§ **About this task**: Could you restate word for word only the lines below from the one holding "Then I got two" to the one holding "This is a brand", inclusive, and leave out the pictures?

§ **Records from a data source**:
—————

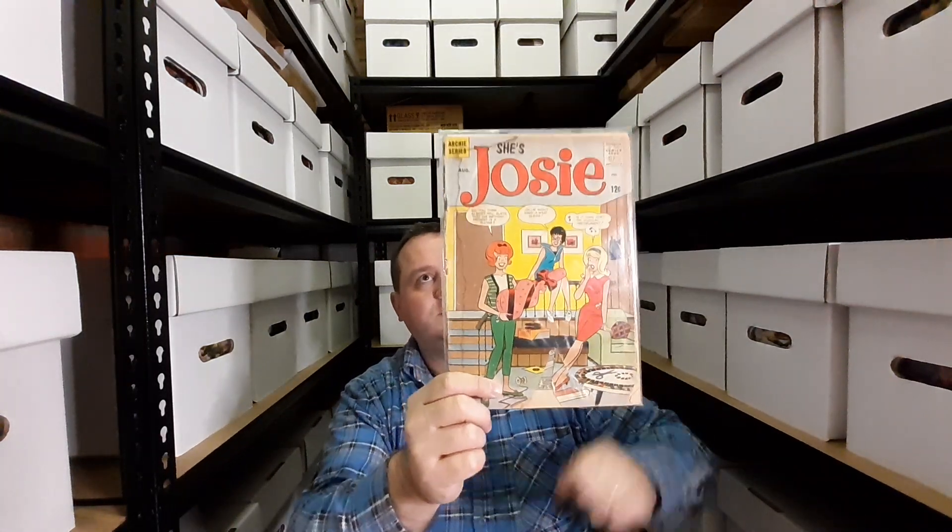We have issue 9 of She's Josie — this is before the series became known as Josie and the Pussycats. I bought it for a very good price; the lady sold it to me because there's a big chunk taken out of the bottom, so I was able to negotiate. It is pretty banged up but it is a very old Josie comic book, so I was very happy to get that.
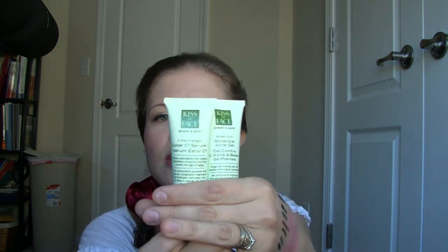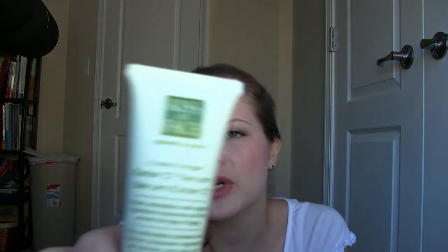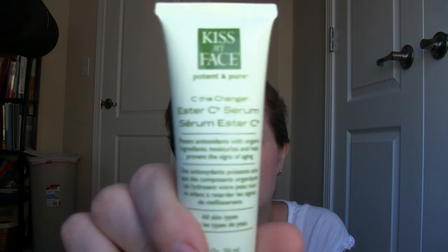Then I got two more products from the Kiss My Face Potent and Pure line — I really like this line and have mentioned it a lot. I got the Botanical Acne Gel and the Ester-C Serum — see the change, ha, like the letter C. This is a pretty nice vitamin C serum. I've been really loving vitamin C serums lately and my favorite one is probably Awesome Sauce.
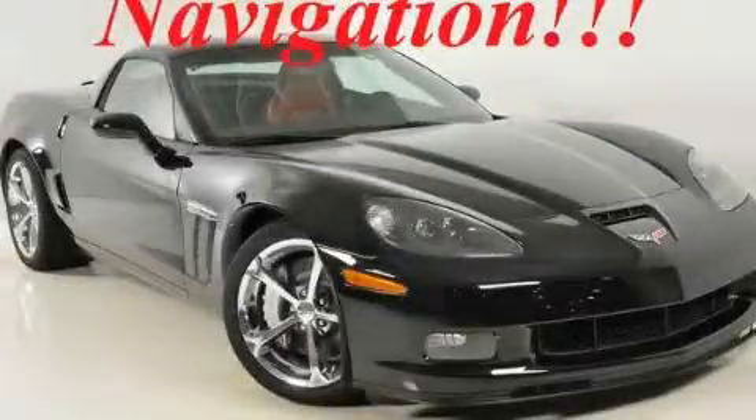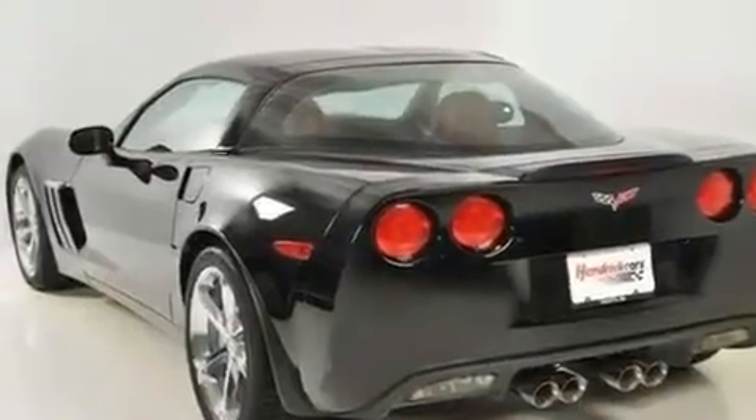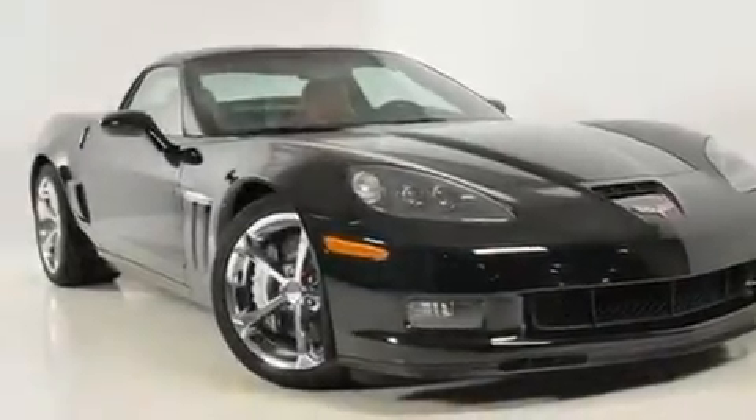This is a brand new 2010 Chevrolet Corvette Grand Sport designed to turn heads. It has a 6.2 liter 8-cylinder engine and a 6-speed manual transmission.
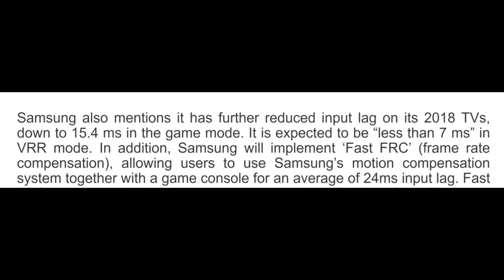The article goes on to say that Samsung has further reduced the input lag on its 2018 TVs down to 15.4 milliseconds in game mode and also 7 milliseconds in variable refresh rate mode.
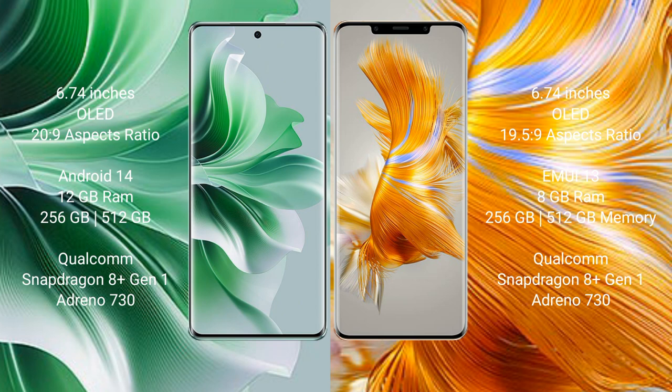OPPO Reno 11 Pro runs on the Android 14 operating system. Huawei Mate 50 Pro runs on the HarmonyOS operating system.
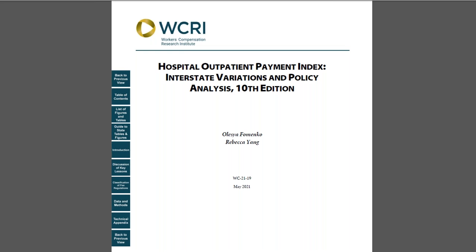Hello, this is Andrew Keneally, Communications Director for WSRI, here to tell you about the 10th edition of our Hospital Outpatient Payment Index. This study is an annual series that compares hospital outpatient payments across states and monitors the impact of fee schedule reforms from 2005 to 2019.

—————

§ **The completed task**:
Then I got two more products from the Kiss My Face Potent and Pure line — I really like this line and have mentioned it a lot. I got the Botanical Acne Gel and the Ester-C Serum — see the change, ha, like the letter C. This is a pretty nice vitamin C serum. I've been really loving vitamin C serums lately and my favorite one is probably Awesome Sauce.
This is a brand new 2010 Chevrolet Corvette Grand Sport designed to turn heads. It has a 6.2 liter 8-cylinder engine and a 6-speed manual transmission.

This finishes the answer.